▸ Supplied data
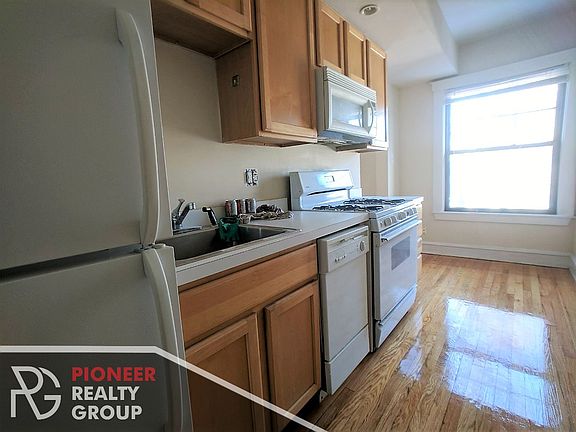 4th image of 1200 W Wellington Ave #2-3006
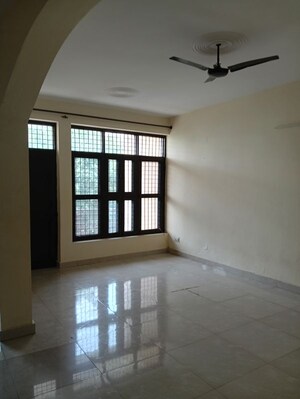 1 RK Independent House For Rent in Sector 23
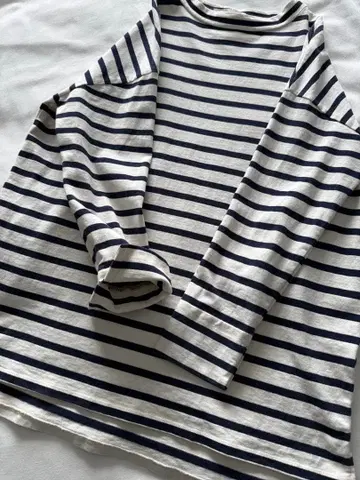 ADIEU TRISTESSE 보더 티셔츠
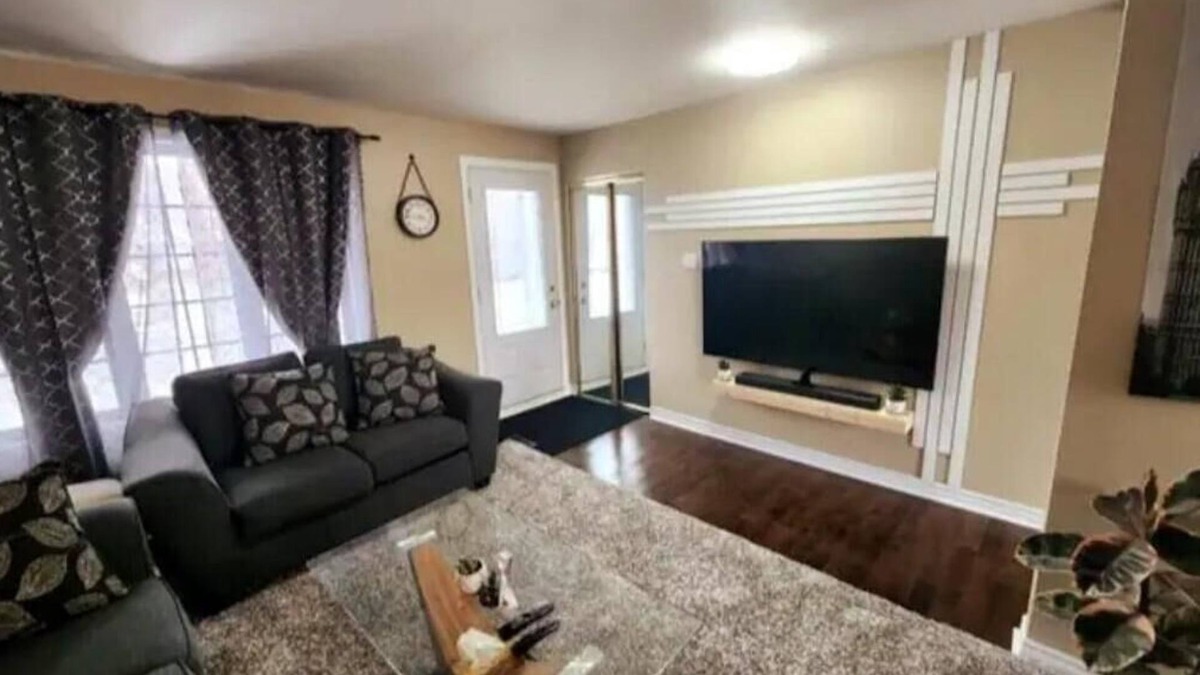 Longueuil House | Bunga-lounge: 3 BDR, Pool, Parking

▸ What this task involves
Say again, word for word, every line from the one with "1 RK Independent House For Rent in Sector 23" through the last line of the data above, minus the pictures.

▸ Answer
 1 RK Independent House For Rent in Sector 23
 ADIEU TRISTESSE 보더 티셔츠
 Longueuil House | Bunga-lounge: 3 BDR, Pool, Parking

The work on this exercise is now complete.